(LISTED RECORDS begins)

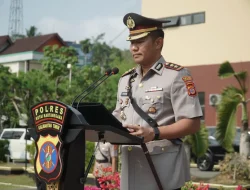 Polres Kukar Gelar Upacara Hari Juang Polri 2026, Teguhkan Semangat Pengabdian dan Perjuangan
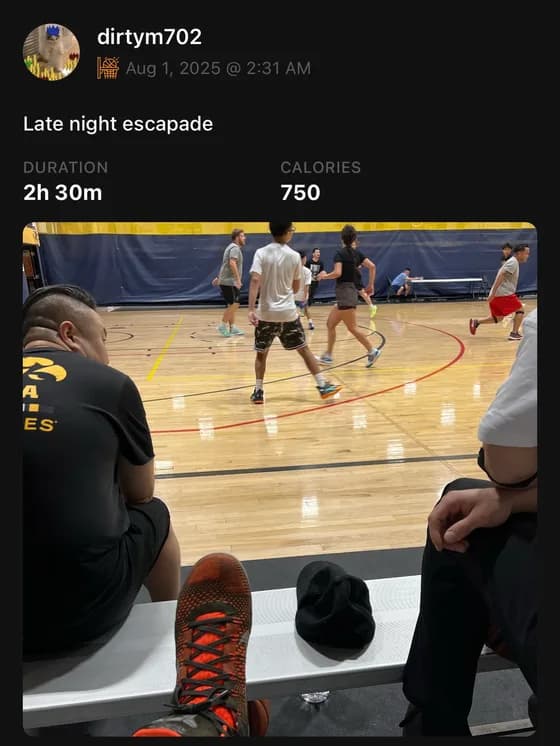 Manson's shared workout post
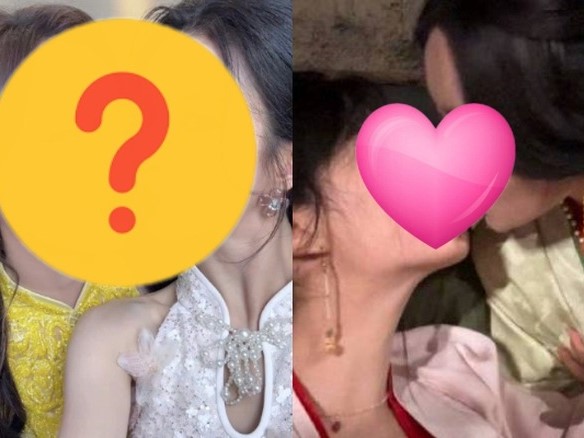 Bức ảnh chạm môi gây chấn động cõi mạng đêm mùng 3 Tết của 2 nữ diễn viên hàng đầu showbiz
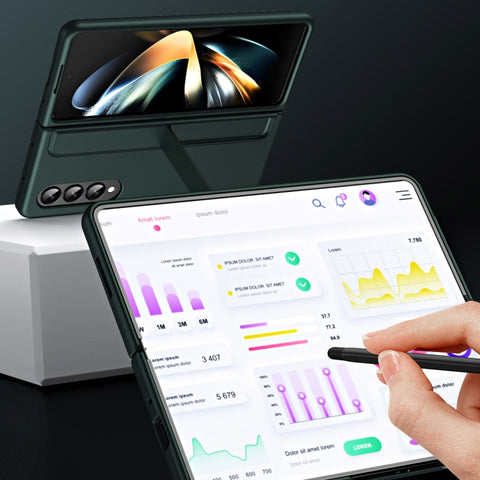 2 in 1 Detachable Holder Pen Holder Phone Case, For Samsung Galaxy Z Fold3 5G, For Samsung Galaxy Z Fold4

(LISTED RECORDS ends)
(LISTED RECORDS begins)

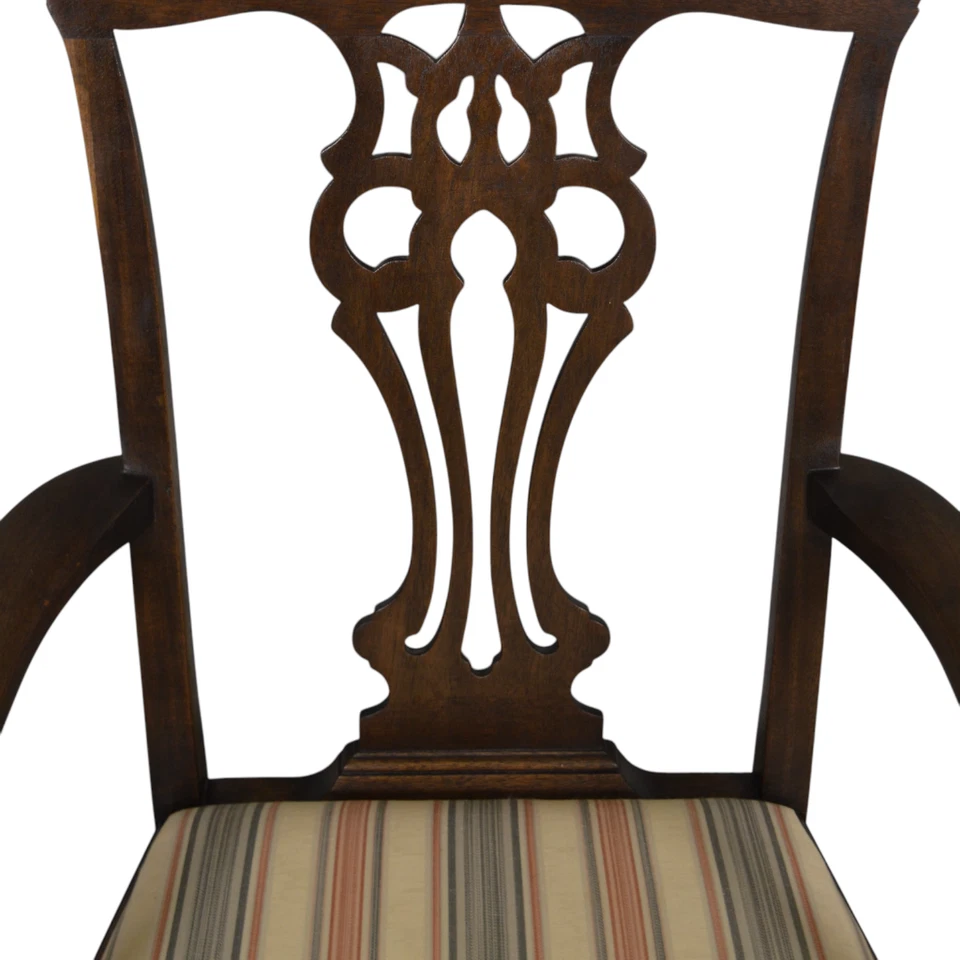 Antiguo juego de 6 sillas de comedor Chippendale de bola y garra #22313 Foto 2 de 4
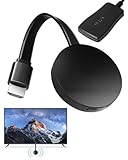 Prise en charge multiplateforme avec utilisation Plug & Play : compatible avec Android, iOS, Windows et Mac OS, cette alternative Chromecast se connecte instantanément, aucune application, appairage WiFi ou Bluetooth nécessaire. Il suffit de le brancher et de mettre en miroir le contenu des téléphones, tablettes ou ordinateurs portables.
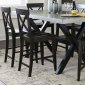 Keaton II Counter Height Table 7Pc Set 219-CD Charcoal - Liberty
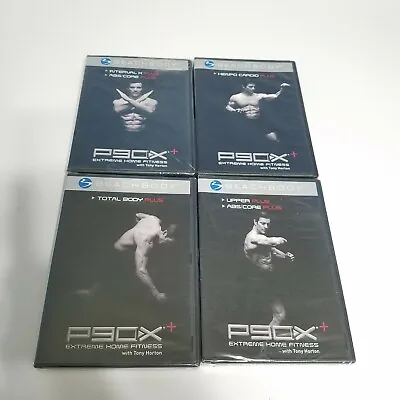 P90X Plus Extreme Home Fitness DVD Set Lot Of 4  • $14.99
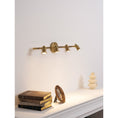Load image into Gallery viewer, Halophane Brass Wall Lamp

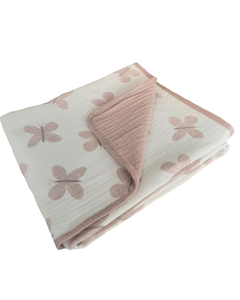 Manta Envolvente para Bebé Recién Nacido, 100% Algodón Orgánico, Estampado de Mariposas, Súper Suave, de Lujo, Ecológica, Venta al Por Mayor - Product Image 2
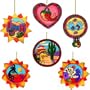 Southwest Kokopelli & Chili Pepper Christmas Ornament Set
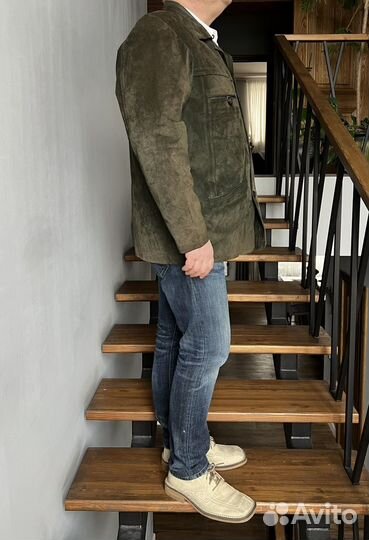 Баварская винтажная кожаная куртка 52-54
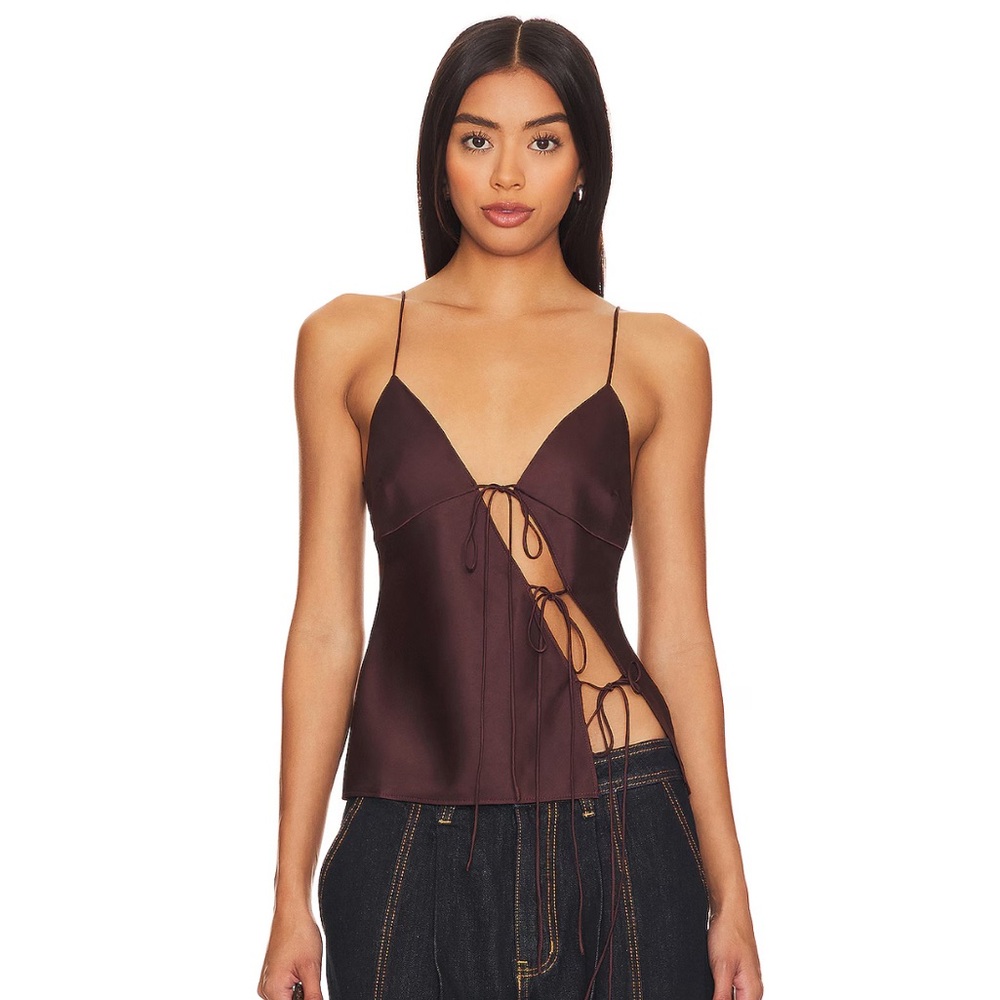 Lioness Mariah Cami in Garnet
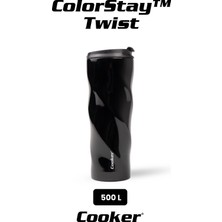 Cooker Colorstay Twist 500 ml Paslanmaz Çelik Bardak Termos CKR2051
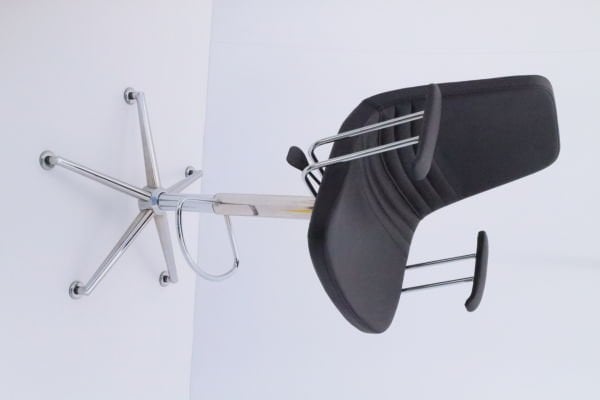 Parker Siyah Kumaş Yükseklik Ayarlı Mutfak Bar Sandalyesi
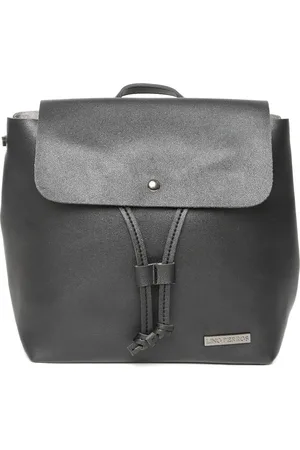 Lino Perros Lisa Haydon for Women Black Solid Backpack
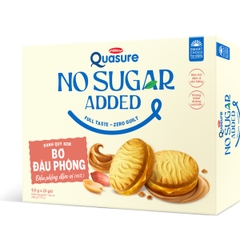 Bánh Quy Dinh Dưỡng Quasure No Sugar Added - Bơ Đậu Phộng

(LISTED RECORDS ends)

**WORK TASK:** Once the line with "Polres Kukar Gelar" has been found above, output that line and every later line exactly, stopping after the line with "2 in 1 Detachable", and omit the pictures.

**WRITTEN RESPONSE:**
 Polres Kukar Gelar Upacara Hari Juang Polri 2026, Teguhkan Semangat Pengabdian dan Perjuangan
 Manson's shared workout post
 Bức ảnh chạm môi gây chấn động cõi mạng đêm mùng 3 Tết của 2 nữ diễn viên hàng đầu showbiz
 2 in 1 Detachable Holder Pen Holder Phone Case, For Samsung Galaxy Z Fold3 5G, For Samsung Galaxy Z Fold4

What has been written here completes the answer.